(Entries taken from a collection)
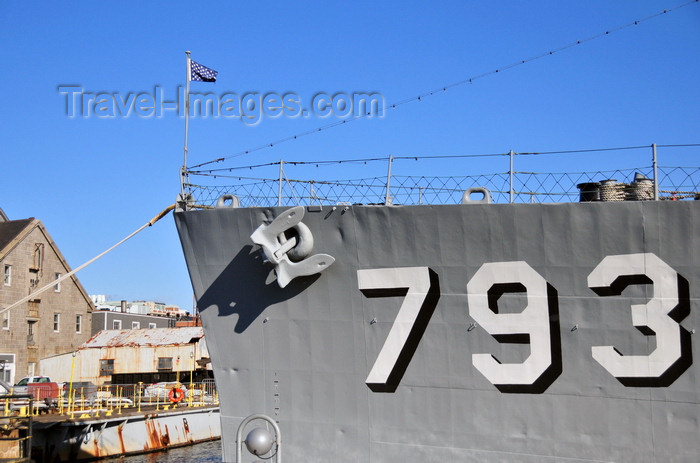 usa1151: Boston, Massachusetts, USA: Charlestown Navy Yard - USS Cassin Young DD-793 - prow with anchor and US Naval Jack - USN hull number - photo by M.Torres - (c) Travel-Images.com - Stock Photography agency - Image Bank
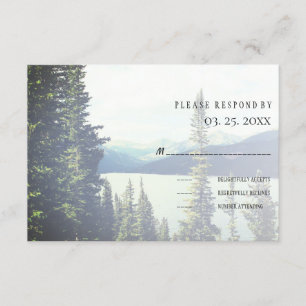 Mountain Forest Lakeside Wedding RSVP Card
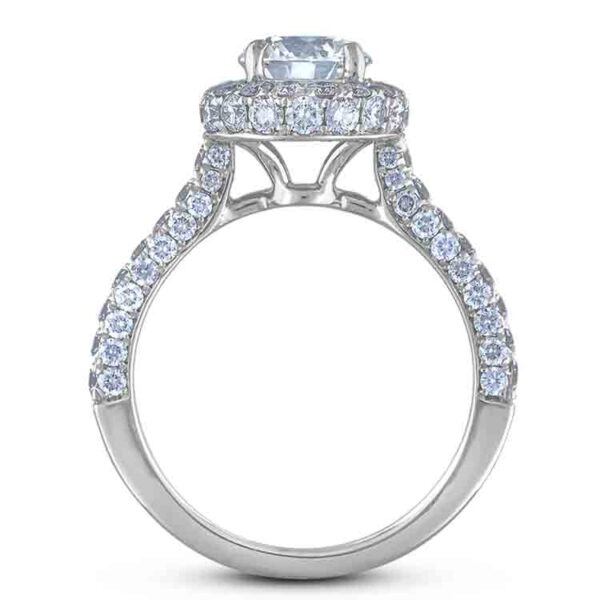 De Beers Forevermark 1.00 Carat Diamond Halo Engagement Ring With Hidden Diamond Detail in 18K White Gold
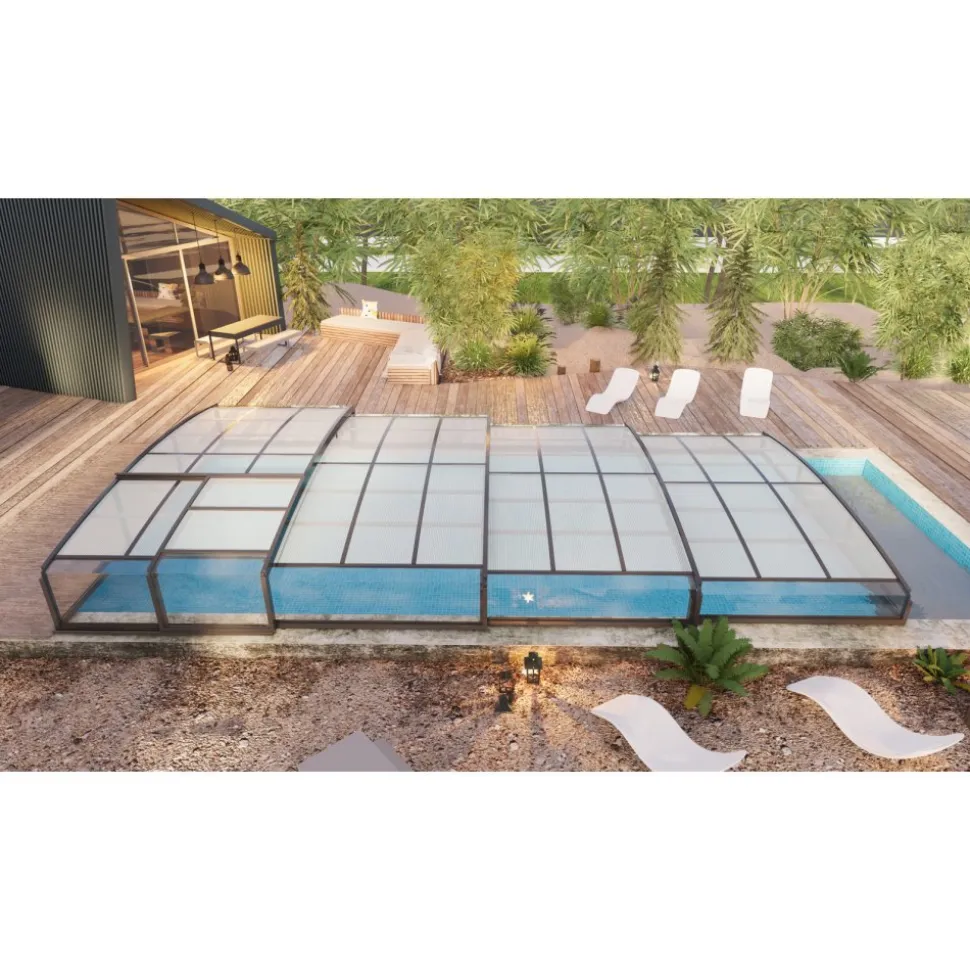 Pooltak 4x8m | Utan skenor | UV-skydd | Flexibel dörr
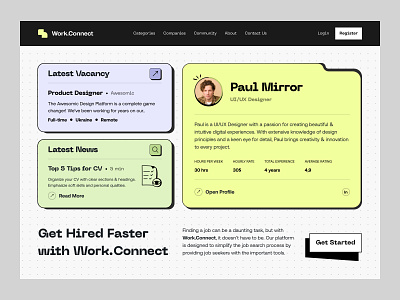 Work.Connect - JobFinder bold clean design hiring interface job ui ux web web design website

**What the exercise asks**
Once the pictures are set aside, copy the remaining text of every entry exactly.

**Finished exercise**
 usa1151: Boston, Massachusetts, USA: Charlestown Navy Yard - USS Cassin Young DD-793 - prow with anchor and US Naval Jack - USN hull number - photo by M.Torres - (c) Travel-Images.com - Stock Photography agency - Image Bank
 Mountain Forest Lakeside Wedding RSVP Card
 De Beers Forevermark 1.00 Carat Diamond Halo Engagement Ring With Hidden Diamond Detail in 18K White Gold
 Pooltak 4x8m | Utan skenor | UV-skydd | Flexibel dörr
 Work.Connect - JobFinder bold clean design hiring interface job ui ux web web design website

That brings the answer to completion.